Anschließend schluchzt Lita Ford und es ist nicht ganz einfach, das Interview weiterzuführen …
entertaim.net: … nachdem ich gelesen habe, dass Jim Gilette NICHT am neuen Album mitgearbeitet hat und sich alles musikalisch wieder nach Lita Ford anhört, hab ich mir gedacht, dass da irgendetwas passiert sein muss, aber DAS IST UNERWARTET !!!
Lita Ford: Das Album hat mir dabei geholfen, zu mir selbst zu finden und es ist ein Weg, meinen Frust, meine Trauer und meine Aggression in die richtigen Bahnen zu leiten. Es ist wohl mein persönlichstes Album, das ich jemals gemacht habe … und ich wurde von Freunden dabei unterstützt. „Mother“ ist dabei wohl der wichtigste Song. Ich wünsche mir so sehr, dass meine Jungs eines Tags diesen Song hören werden und wissen, wie sehr ich sie liebe!!!
entertaim.net: Kann darüber berichtet werden oder ist es dir lieber, dass diese privaten Angelegenheiten privat bleiben?

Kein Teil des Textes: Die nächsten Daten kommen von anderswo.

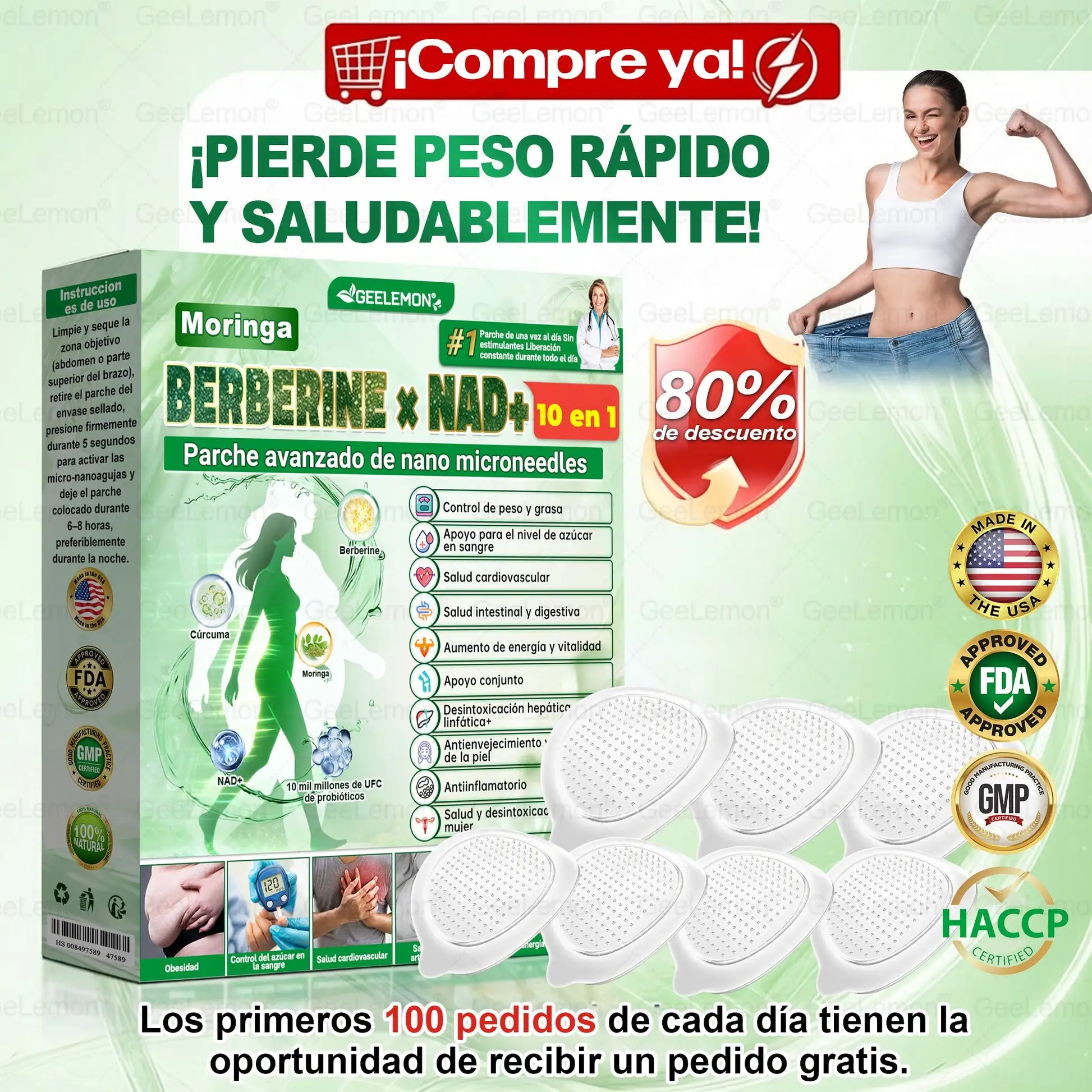 🔥𝐆𝐞𝐞𝐋𝐞𝐦𝐨𝐧® 𝐌𝐨𝐫𝐢𝐧𝐠𝐚 · 𝐁𝐞𝐫𝐛𝐞𝐫𝐢𝐧𝐚 × 𝐍𝐀𝐃+ 𝟏𝟎 𝐞𝐧 𝟏 𝐏𝐚𝐫𝐜𝐡𝐞 𝐀𝐯𝐚𝐧𝐳𝐚𝐝𝐨 𝐝𝐞 𝐍𝐚𝐧𝐨-𝐌𝐢𝐜𝐫𝐨𝐚𝐠𝐮𝐣𝐚𝐬👩⚕️🇺🇸 (Solo una vez al día, cambios visibles en 7 días) ✅ Para la obesidad, la flacidez de la piel, la diabetes y más.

Lita Ford: Nein! Es ist wichtig, um mein Album und meine Texte zu verstehen. Ich bin ein gebrochener Mensch, aber das Album „Living like a runaway“ hilft mir dabei, die Stärke zurück zu bekommen, um um meine Kinder zu kämpfen und um zu mir zurückzufinden. Deshalb bin ich auch froh, mit Poison und Def Leppard touren zu können, um mein Album möglichst vielen Personen nahe zu bringen und meine Erlebnisse zu erzählen.
entertaim.net: Lita … ich wünsche dir viel Glück und dass deine Kinder die Musik eines Tages hören werden. (…) Das war harter Tobak! (…) Wirklich alles Gute und Stärke, die Zukunft zu überstehen und ich wünsche Dir das Beste, dass sich eines Tages alles zum Guten wendet!
Lita Ford: Danke Dennis, Gott schütze dich und ich hoffe auch, dass alles gut wird. Vielen Dank!